Unequal

May-22-2022

Book: Luke, Matthew

Notes Download

Series: Unsettling Grace. Week 2: Unequal

 

In the 1st century all kinds of people from all kinds of backgrounds found Jesus and His movement (the church) attractive. There reason people were attracted to Jesus is a single world … Grace: Undeserved, unearned, unearnable favor.

Grace is what we want so that the people we’ve hurt, the people we’ve offended see you . . . as if it never ever happened.

The experience of Grace requires a relationship.  Where there is no relationship, there can be no transfer or experience of Grace. This is why God had to show up. We would have never known the Grace of God without the Presence of God.
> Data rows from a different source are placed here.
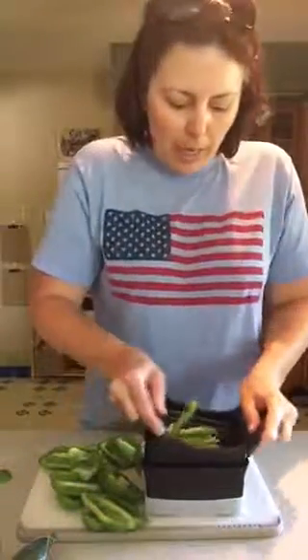So once we have our pepper slices, this is where the Quick Slice comes into play. I usually stack two or three on top of each other so we can cut more than one at a time, and you just go down — and voila.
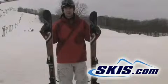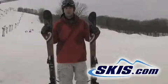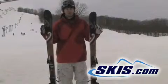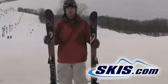My dislike about it is it's not the most stable ski at speed, but if you want an easy turning, short turning ski with a wide enough platform to float in junked up snow, this is a good choice in the shorter lengths.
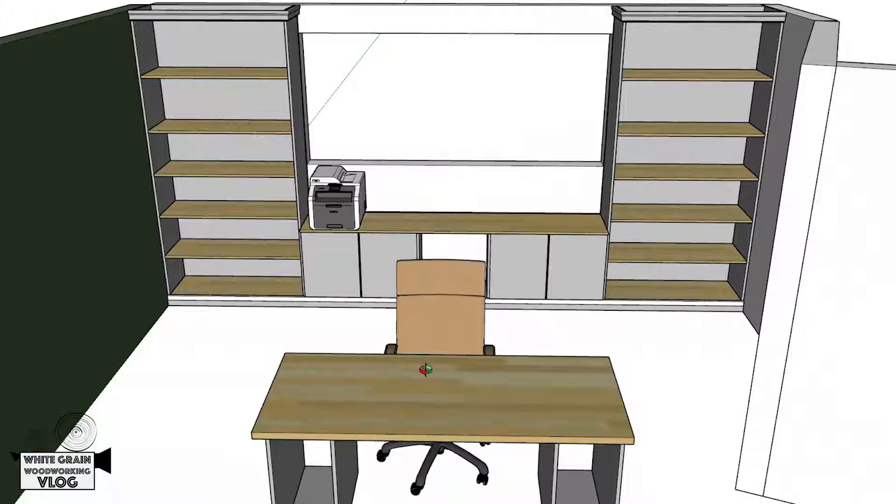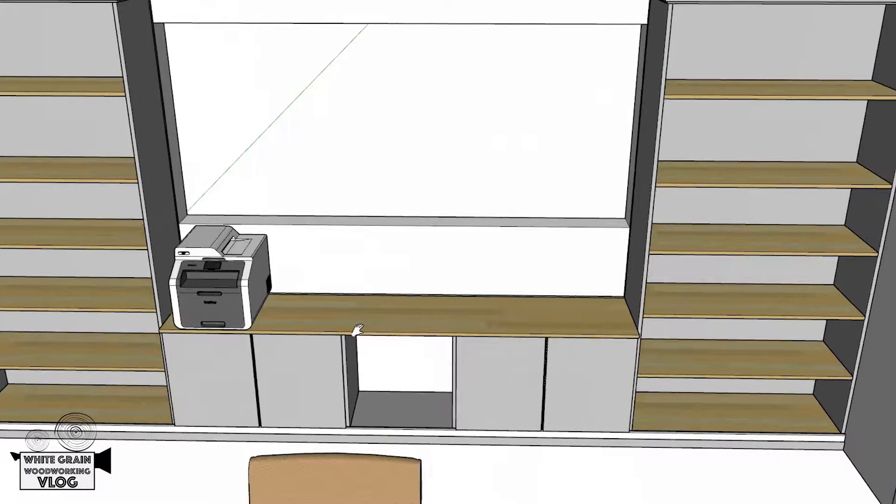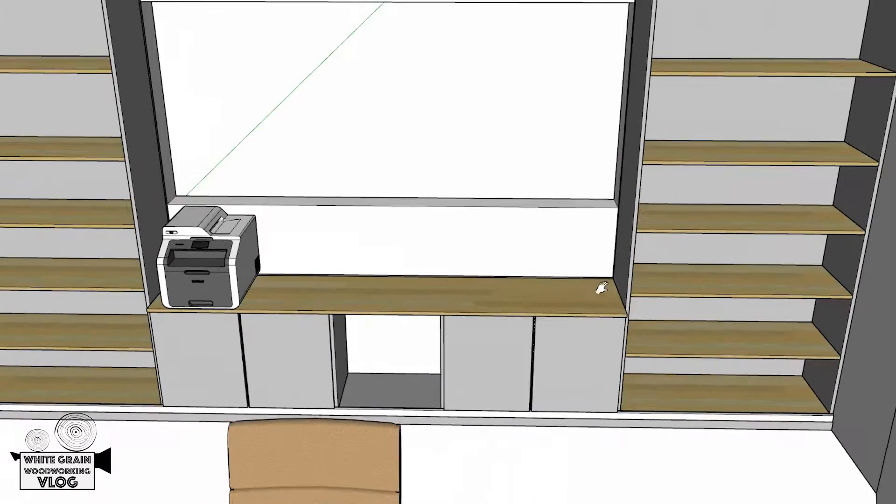Those pallet projects are going to be pretty exciting — Jenny's doing most of the heavy lifting on those. We've got a lot of feedback saying you want to see more of her, which is totally fine. Meanwhile, the built-in downstairs is just going to be a long project with several videos. I've got a week of vacation time I'm going to take to build it.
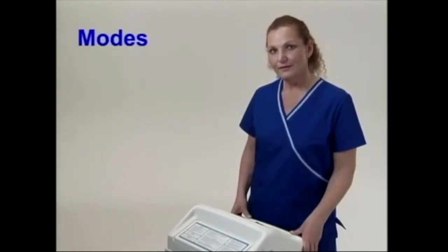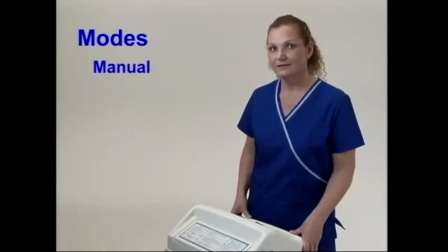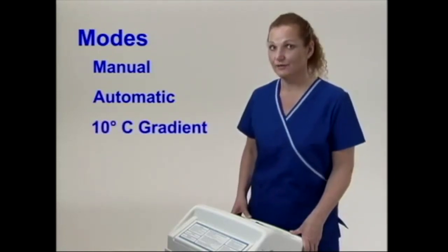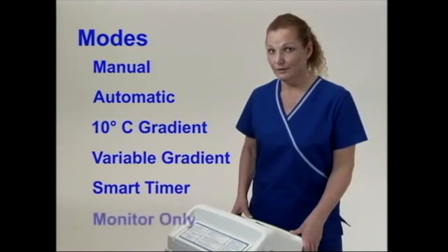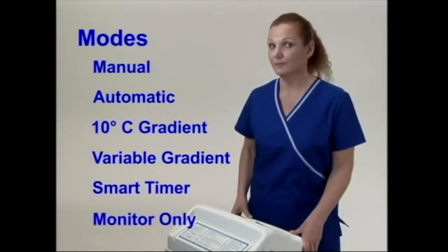For this segment, we are going to review the manual mode, the automatic mode, the 10 degree gradient, the gradient variable mode, the smart mode, and the monitor only mode of the Blanketrol 3.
This is why John wrote . . . John 1:14. Jesus was all Grace and all Truth all the time.  He wasn’t the balance of Grace and Truth.  He was All Grace and All Truth All the Time.  But it was the Grace part of Jesus that was so unsettling.

Luke 19:1-5. Jesus and the whole entourage made their way and Jesus stopped, and noticed this grown man up in a tree.  And Jesus says, “Zacchaeus come down immediately.”  I think there was a hush that fell all over the crowd.  Here’s what they thought. “Finally . . . finally somebody is not intimidated.  Finally, somebody is going to all this guy out.  Finally, somebody has the courage to face this guy down.  Finally, somebody is not intimidated.  Finally, he’s going to get what he deserves.”  The crowd probably spread out so everyone could get a view.  Talk about an awkward moment.  The entire town watches as a grown man climbed down from a tree, and they’re thinking, “This is it!” And as he makes his way down and pushes through the crowd, Jesus shocks everyone by saying . . . “I must stay at your house today.” Luke 19:5

Luke 19:7.  It was unsettling to Jesus’ disciples, to the crowd that day, to those who would read this story and to us today because we understand the context of the story . . . Because they, because we don’t understand the kingdom of God.  God’s economy. The way that God sees the world.  The way that God sees you.  The way that God sees me.
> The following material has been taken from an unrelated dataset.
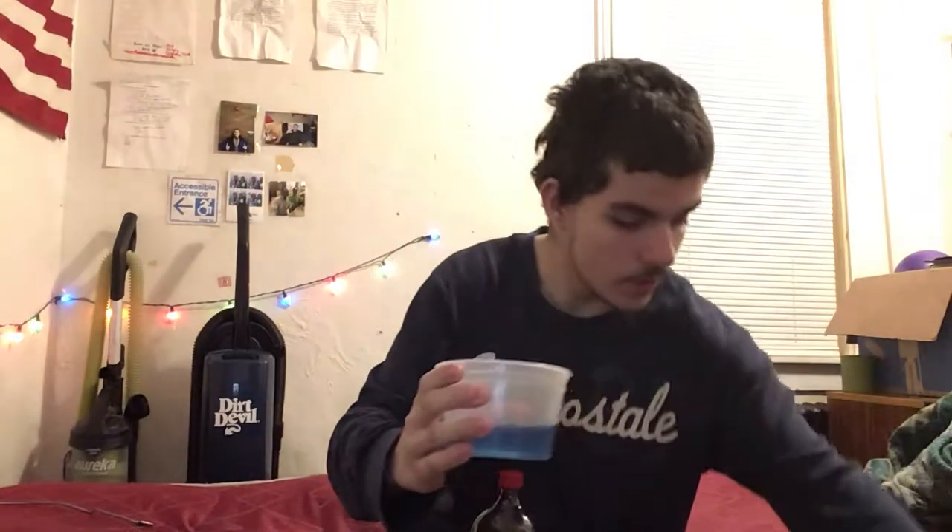First off, we're going to put a little bit of the Voltage inside. Could have started with the Code Red first, but whatever, doesn't matter. A little bit of Voltage in there — you can see the Voltage in there right now, it looks pretty good. All right, now you got to add the Code Red. Yeah, look at that — sound of the fizz.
Jesus would try to explain the upside down kingdom that He was there to inaugurate, this brand new set of ethics, this brand new way of seeing the world through stories called parables. On one particular occasion, Jesus attempted to explain the new kingdom, this new value system, this Grace people were so unfamiliar with.

Matthew 20:1-5. Now for those who have heard or read this parable before, you know where this goes and it is so unsettling.  It is unsettling because it seems so unfair.
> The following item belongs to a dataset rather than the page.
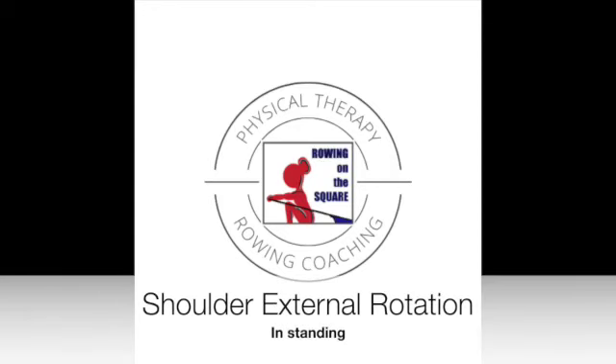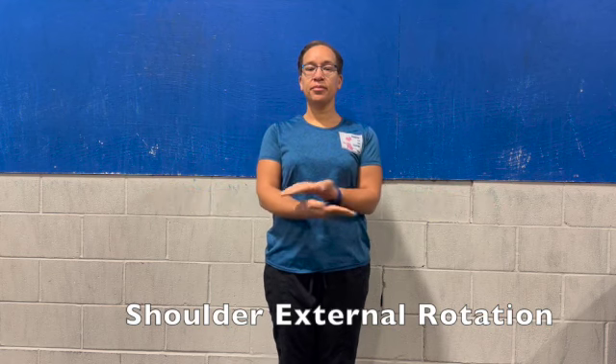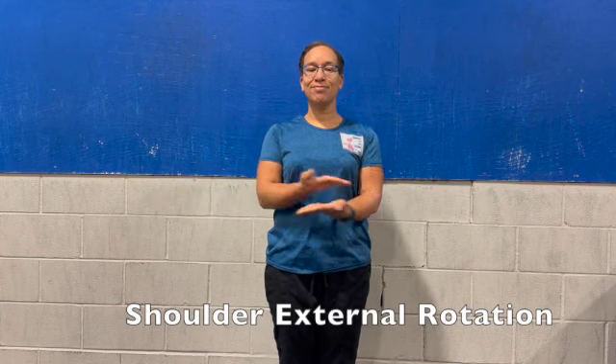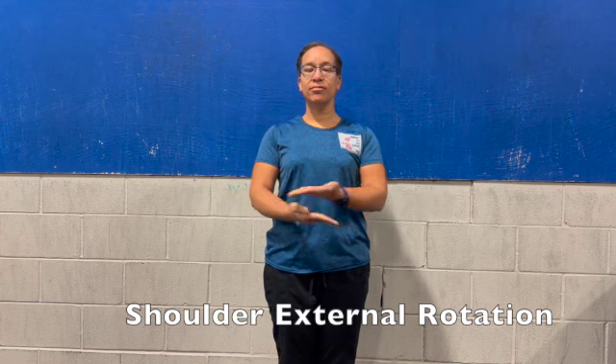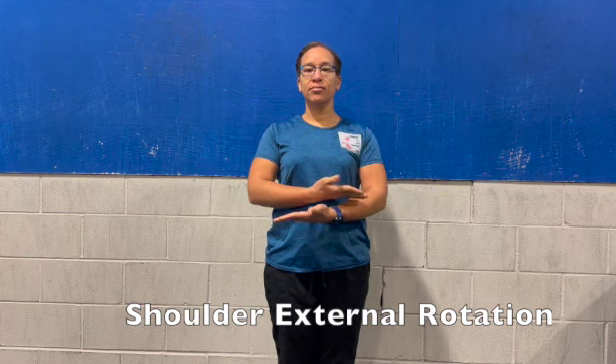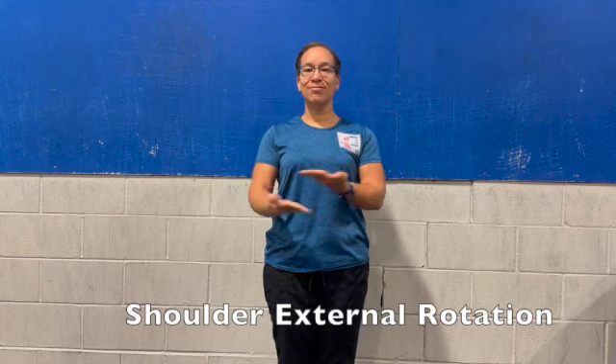Shoulder external rotation in standing. Standing with your elbows at a 90 degree angle and palms are facing up, you're going to pretend that you have an egg in between your chest and your upper arm and you're just going to rotate in and out switching hand position each direction.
Matthew 20:5. One of the things that Jesus did as a storyteller is He took things to the extreme.  He took things to such an extreme that everyone in the audience would lean in and try to imagine “where in the world is He going with this.” So, Jesus takes it to the extreme . . .Matthew 20:6-8. Here’s the twist.  Here’s the value system that Jesus is trying to introduce to the world.  This is Jesus’ way of saying, “This is what God is like.” 

Matthew 20:9-15

Jesus illuminates the absurdity of my resistance to Grace, or your resistance to Grace.  Jesus puts the spotlight on my hypocrisy when it comes to the nature and subject of Grace. Matthew 20:15

In this parable and many others Jesus invites us to see the world differently, and to see people differently, and to see people around us differently and to see our relationship to God differently.  Because the kingdom of God is characterized by . . . Unsettling Generosity

Jesus is asking us through this parable, “Will you step into a system where the undeserving get exactly what they don’t deserve? Would you be willing to extend to others what they don’t deserve because our heavenly Father has extended to you what exactly you don’t deserve?”

Jesus steps out of the parable and lets us—first hired—early to get there—know what it may feel like … Matthew 20:16

It will feel unfair.  It will be unsettling because of how you were raised to measure fair. We compare to determine fair.